No. The past two years have seen the Biden administration increasingly embrace the Trump agenda when it comes to asylum rights. In February 2023, the Biden administration published a rule currently in effect that dramatically limited asylum for people arriving at the U.S.-Mexico border by restricting asylum access almost exclusively to those granted prior permission to come to the United States via CBP One. This rule borrowed heavily from Trump-era policies, including previous asylum bans that limited asylum eligibility for those who arrived at the U.S. border between ports or having transited through countries other than their countries of origin.

Only a few months later, the administration began forcing people seeking asylum at the southern border through rushed asylum proceedings while in CBP custody. This was a recycled iteration of Trump-era policies that were known as “PACR/HARP” - Prompt Asylum Claim Review (PACR) and Humanitarian Asylum Review Process (HARP); these policies are known to decimate access to asylum while blocking legal access at key points of the asylum process.

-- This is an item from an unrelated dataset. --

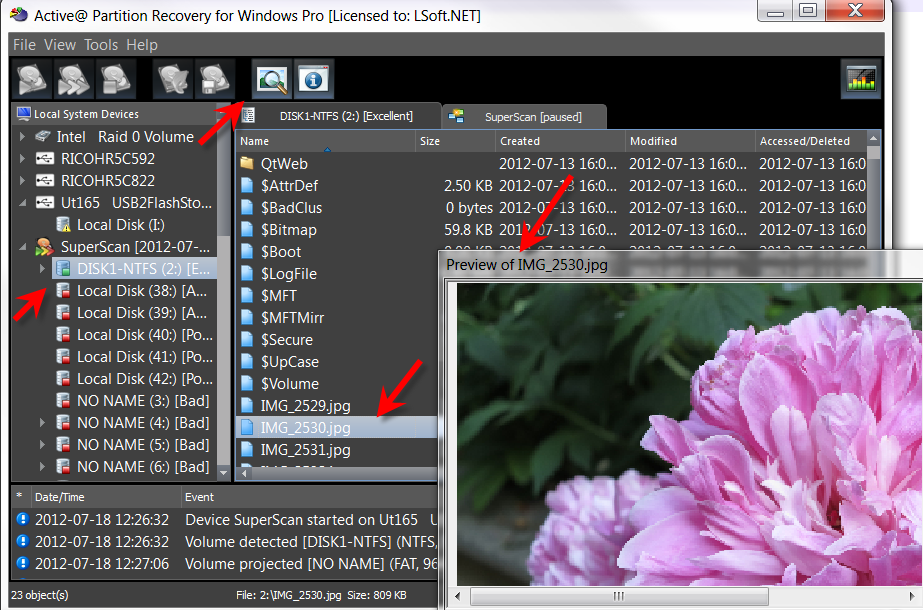 Specific iles can be previewed for each detected volume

These are only a few of the recent announcements that echo policy-making and rhetoric from the Trump era, including the recent pronouncement from the Department of Justice and DHS that they would be increasing the use of immigration prosecutions, a practice with racist roots that also undermines asylum rights while leading to family separation.

  1. Will this new policy reduce migration at the Southern border?

No. Anti-asylum policies breed desperation and disorder. We know from NIJC’s direct legal services work with immigrant communities that punitive border policies do not deter people who are fleeing violence or seeking to reunite with their families. The U.S. government has employed a “deterrence” framework on the U.S.-Mexico border for approximately 30 years — that is, the use of intentionally cruel and punishing policies in an attempt to reduce migration.

Historic migration data tells us plainly that attempts to deter migration through prosecutions and other punitive measures are ineffective. In 2015, a collaborative of U.S. and Mexico-based researchers conducted the Migrant Border Crossing Study, surveying 1,110 people recently deported to Mexico from five cities along the U.S.-Mexico border. The results, published in the Journal of Migration and Human Security, showed that “deterrence by arrest, incarceration and removal is largely ineffective.” The majority of respondents, in fact, expressed that they intended to return to the United States sometime in the future, despite having themselves endured the “consequence delivery” programs in effect at the border at that time.

Another study conducted in 2018 focused on southwest border migration data as correlated with the Obama administration’s use of family detention and the Trump administration’s family separation policy. Prosecuting people for immigration violations was the premise of the "Zero-Tolerance" program designed to separate families, and both family detention and family separation were presented by U.S. officials as justified deterrence tools. However, a series of models run by scholar Tom Wong found “no statistically significant relationship” between either the 2014 expansion of family detention or the 2017 Zero-Tolerance pilot and the monthly number of U.S. Border Patrol apprehensions.